Netflix has a new strategy in its battle over who should pay to deliver video to users: make customers think slow speeds are Internet Service Providers’ fault.
A Twitter user spotted on Tuesday a new buffering screen that blames Verizon for slow speeds. “The Verizon network is crowded right now,” the screen reads.
Oh snap, netflix. pic.twitter.com/wMfavoHOyj
— Yuri Victor ♥ (@yurivictor) June 4, 2014
Netflix users have been reportedly experiencing slower streaming speeds on Verizon’s FiOS Internet service in recent months. Netflix agreed in April to pay Verizon to establish a direct connection to its network to deliver video content across the “last mile” into users’ homes.
However, Netflix says it’s ideologically opposed to such paid peering agreements, viewing them as a violation of net neutrality. ISPs such as Comcast and AT&T have said that Netflix should pay for the costs of serving its own video content, while Netflix argues that ISPs essentially get paid twice, first from customers and then from content providers, when they charge interconnection fees.
Now, Netflix is placing blame on ISPs not only in blog posts but within the Netflix app itself.
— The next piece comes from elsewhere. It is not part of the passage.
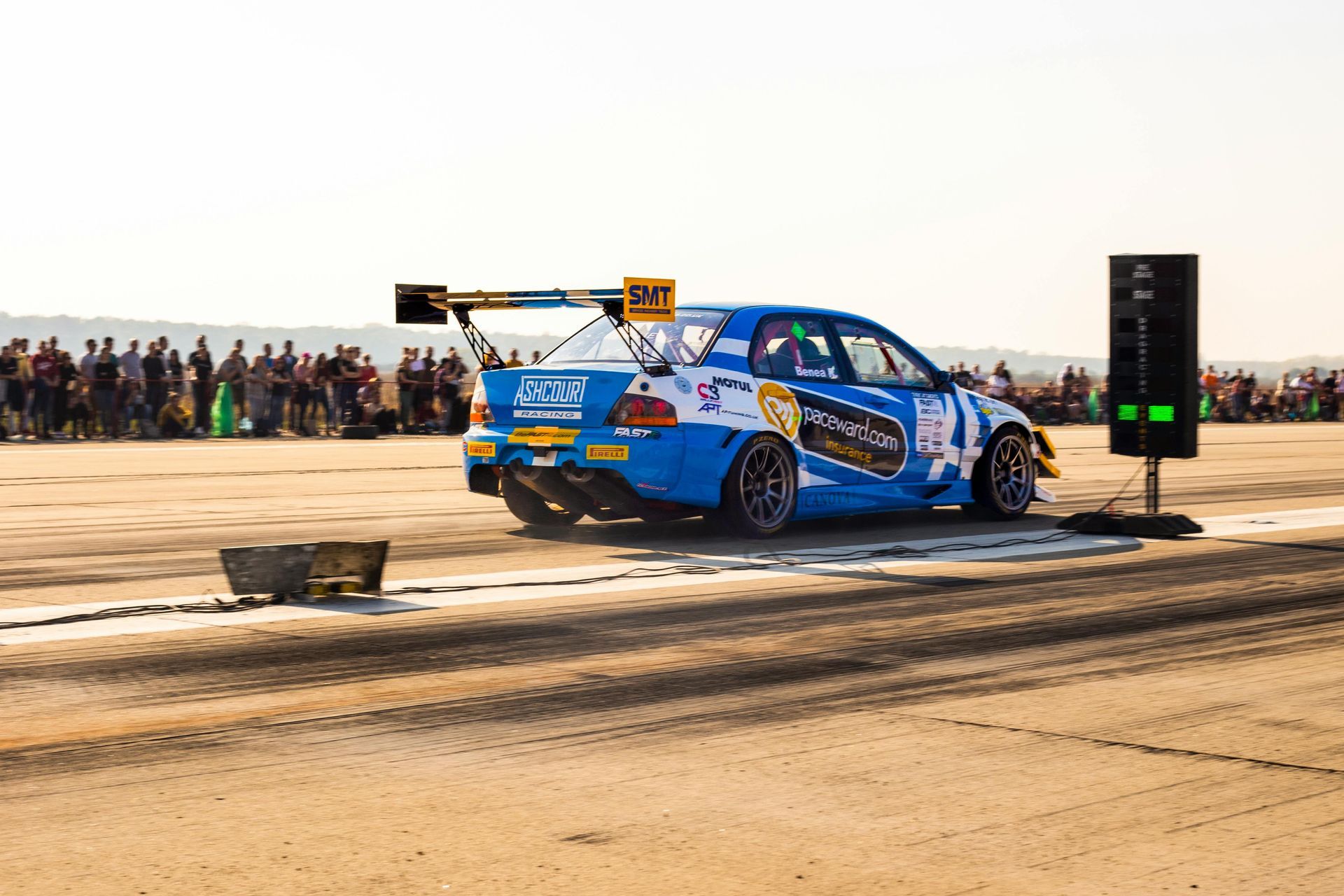 A blue and white race car is driving down a dirt road.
These types of messages may start popping up for other Internet subscribers too.
“We are trying out different ways to keep our members informed,” Netflix spokesman Joris Evers said in an email. “This is a test that isn’t limited to Verizon.”
Though the Verizon deal was signed in late April, streaming speeds for FiOS and Verizon’s slower DSL service were no faster that month, according to Netflix’s monthly ranking of ISP streaming speeds. Bob Elek, a Verizon spokesman, said in an email that the company has not changed its network since inking the Netflix agreement. Elek also said the Netflix buffering message could “confuse” customers.
“We are working quickly to implement the network architecture and expect improvements to be experienced across the FiOS footprint throughout 2014,” he said. “Having said that, this seems to be PR driven – we’re investigating this claim but it seems misleading and could confuse people.”
Verizon took a more direct stance against the Netflix messaging in a blog post Wednesday afternoon. “The problem is most likely congestion on the connection that Netflix has chosen to use to reach Verizon’s network,” the company wrote. “Of course, Netflix is solely responsible for choosing how their traffic is routed into any ISP’s network. It is sad that Netflix is willing to deliberately mislead its customers so they can be used as pawns in business negotiations and regulatory proceedings.